La République a besoin de savants, leurs découvertes, le rayonnement qui s’y attache et leurs applications contribuent à la grandeur d’un pays. Or les crédits de la recherche sont dérisoires… Cette déclaration de Mendès France, devant l’Assemblée nationale, marque son discours pour l’investiture de président du Conseil le 3 juin 1953. Une déclaration inhabituelle, car si l’intervention du pouvoir politique dans le champ de la recherche a des précédents, depuis quinze ans, sauf en matière atomique, la recherche scientifique est un domaine qu’ignorent les gouvernements. Mendès France nomme un sous-secrétaire d’État à la recherche et crée un Conseil supérieur de la recherche scientifique relevant directement de l’hôtel Matignon et bénéficiant de crédits gouvernementaux automatiquement renouvelés. Son court passage au pouvoir ne suffit pas à implanter une politique de la recherche. Il militera pendant quinze ans pour une politique de la recherche que son crédit, puis le mouvement d’opinion qu’il suscite auront contribué à implanter définitivement. Il prouvera ce que peut, même en dehors du pouvoir, une volonté politique au service d’une grande cause.
Des états généraux de la recherche
Le Colloque de Caen
Il se tient à la Toussaint 1956 à l’Université tout juste relevée de ses ruines et premier campus français. Il réunit quelques hommes politiques, l’élite scientifique et administrative française et les chefs des services d’études des grandes firmes ou groupes industriels, mais seulement trois patrons d’avant-garde, Merlin de Merlin-Gerin, Landucci de Kodak-Pathé et Ponte de la CSF.

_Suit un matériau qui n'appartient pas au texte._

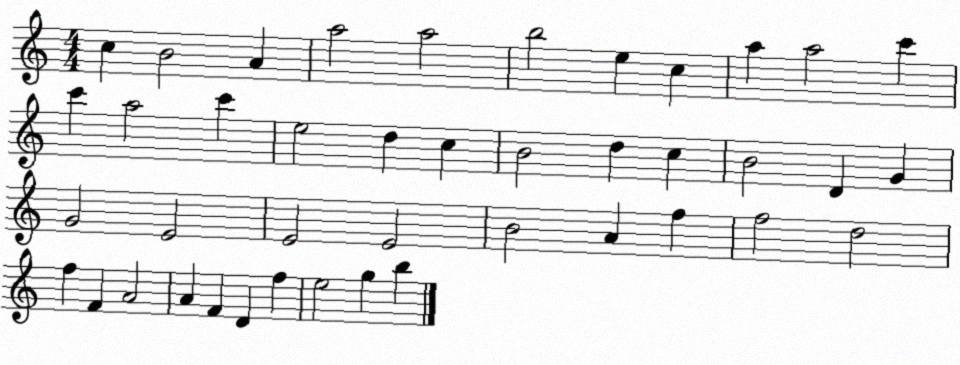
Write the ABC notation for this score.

X:1
T:Untitled
M:4/4
L:1/4
K:C
c B2 A a2 a2 b2 e c a a2 c' c' a2 c' e2 d c B2 d c B2 D G G2 E2 E2 E2 B2 A f f2 d2 f F A2 A F D f e2 g b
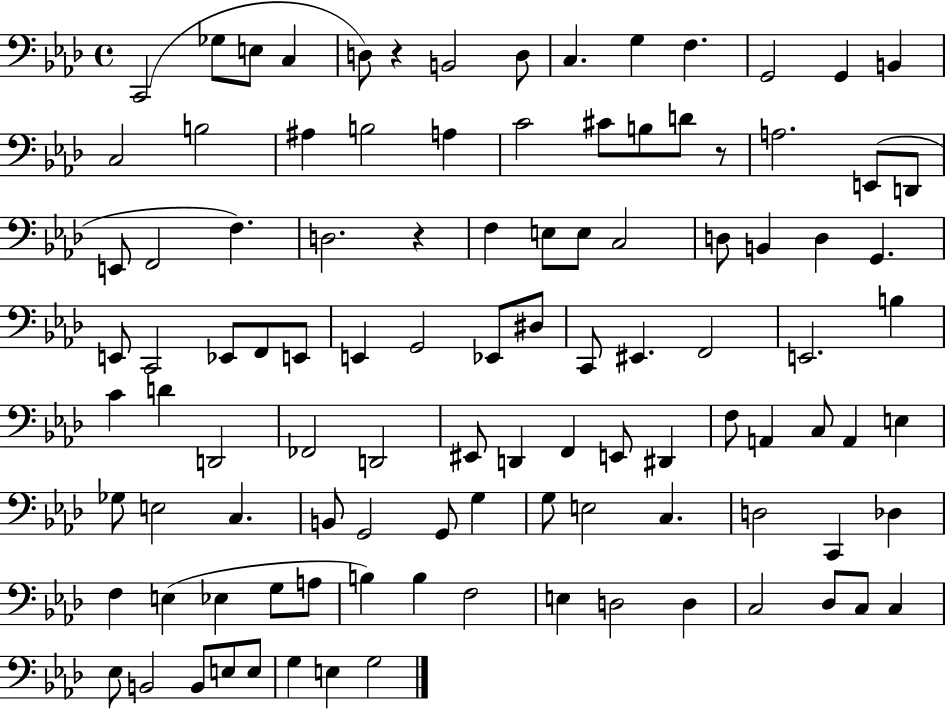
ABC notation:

X:1
T:Untitled
M:4/4
L:1/4
K:Ab
C,,2 _G,/2 E,/2 C, D,/2 z B,,2 D,/2 C, G, F, G,,2 G,, B,, C,2 B,2 ^A, B,2 A, C2 ^C/2 B,/2 D/2 z/2 A,2 E,,/2 D,,/2 E,,/2 F,,2 F, D,2 z F, E,/2 E,/2 C,2 D,/2 B,, D, G,, E,,/2 C,,2 _E,,/2 F,,/2 E,,/2 E,, G,,2 _E,,/2 ^D,/2 C,,/2 ^E,, F,,2 E,,2 B, C D D,,2 _F,,2 D,,2 ^E,,/2 D,, F,, E,,/2 ^D,, F,/2 A,, C,/2 A,, E, _G,/2 E,2 C, B,,/2 G,,2 G,,/2 G, G,/2 E,2 C, D,2 C,, _D, F, E, _E, G,/2 A,/2 B, B, F,2 E, D,2 D, C,2 _D,/2 C,/2 C, _E,/2 B,,2 B,,/2 E,/2 E,/2 G, E, G,2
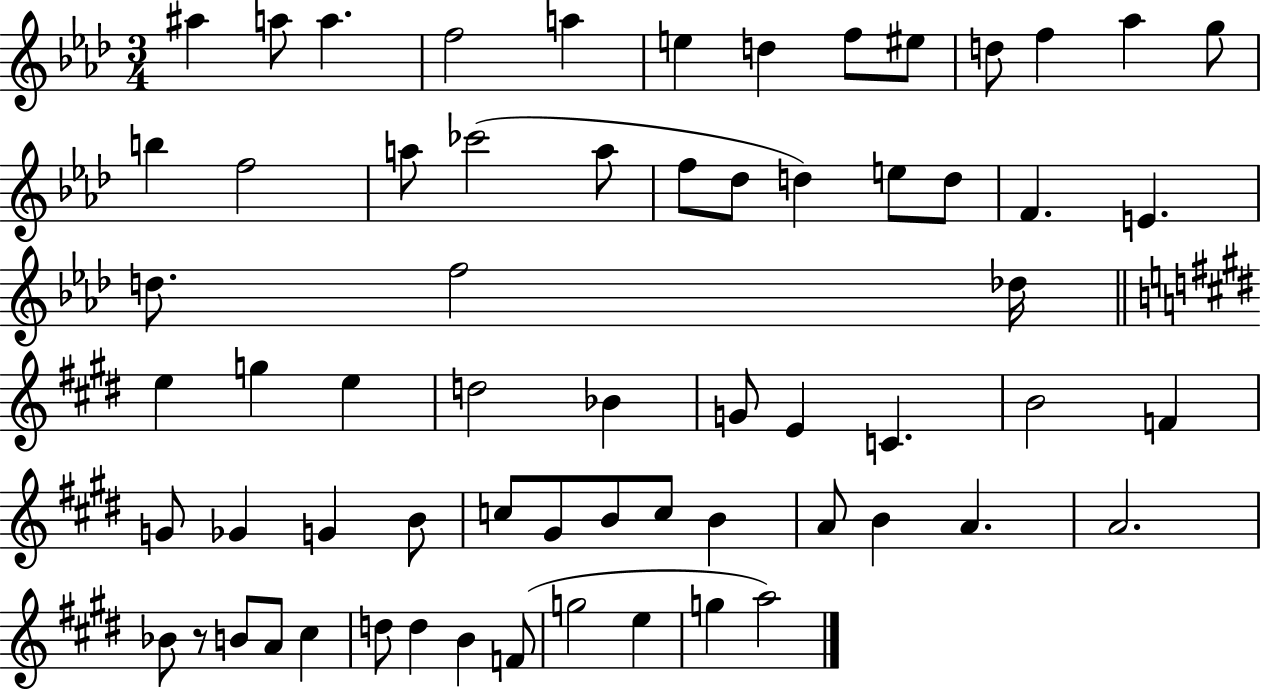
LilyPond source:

{
  \clef treble
  \numericTimeSignature
  \time 3/4
  \key aes \major
  ais''4 a''8 a''4. | f''2 a''4 | e''4 d''4 f''8 eis''8 | d''8 f''4 aes''4 g''8 | \break b''4 f''2 | a''8 ces'''2( a''8 | f''8 des''8 d''4) e''8 d''8 | f'4. e'4. | \break d''8. f''2 des''16 | \bar "||" \break \key e \major e''4 g''4 e''4 | d''2 bes'4 | g'8 e'4 c'4. | b'2 f'4 | \break g'8 ges'4 g'4 b'8 | c''8 gis'8 b'8 c''8 b'4 | a'8 b'4 a'4. | a'2. | \break bes'8 r8 b'8 a'8 cis''4 | d''8 d''4 b'4 f'8( | g''2 e''4 | g''4 a''2) | \break \bar "|."
}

Deux jeunes scientifiques que je lui présente, Jacques Monod, chercheur à l’Institut Pasteur et futur prix Nobel, et le mathématicien André Lichnerowicz, nouvellement élu au Collège de France, proposent à Mendès France d’organiser un colloque national qui prenne la forme de véritables états généraux de la recherche scientifique. Il en prend l’initiative en marge du gouvernement, en tant que président d’un Comité pour l’expansion de la recherche créé pour la circonstance et composé de parlementaires et de scientifiques de toutes nuances, de Soustelle à Jules Moch en passant par Marcel Dassault.
Champion passionné d’un renouveau politique et économique, il tient la recherche scientifique pour un des moteurs de l’expansion économique d’un pays en même temps qu’un témoignage de sa vitalité et un moyen de son rayonnement.
À Caen, Mendès France souligne le déclin scientifique de la France, l’absence de prix Nobel depuis vingt ans, le recul de la balance des brevets et le déficit alarmant de la balance des redevances de fabrication, il déplore la faible proportion d’étudiants en sciences, les cloisons rigides entre l’enseignement scientifique et l’enseignement technique, » la muraille de Chine entre la recherche fondamentale et l’industrie, et » la masse d’un système dont l’ankylose même renforce la solidité « .
C’est ici que l’intervention du pouvoir politique s’impose conclut-il. Seul désormais il est en mesure de donner une impulsion suffisamment vigoureuse et de prescrire dans toute leur ampleur les réformes nécessaires. […] Le développement de la science est devenu une affaire trop sérieuse pour demeurer lié à des structures ou à des règles administratives formelles. Il est au premier chef une affaire politique.
En finir avec la tyrannie des agents comptables.
Les débats mettent en évidence deux préoccupations, une aspiration quantitativiste, le désir de rééquilibrer massivement l’enseignement au profit des sciences et de former, à la faveur de l’expansion démographique d’après-guerre, les effectifs de chercheurs, d’ingénieurs et de techniciens supérieurs qui ramèneraient la France au niveau international, et, d’autre part, la volonté d’assouplir les structures, » d’en finir avec le règne des doyens administrateurs, la tyrannie des agents comptables, la dictature des chaires inamovibles « .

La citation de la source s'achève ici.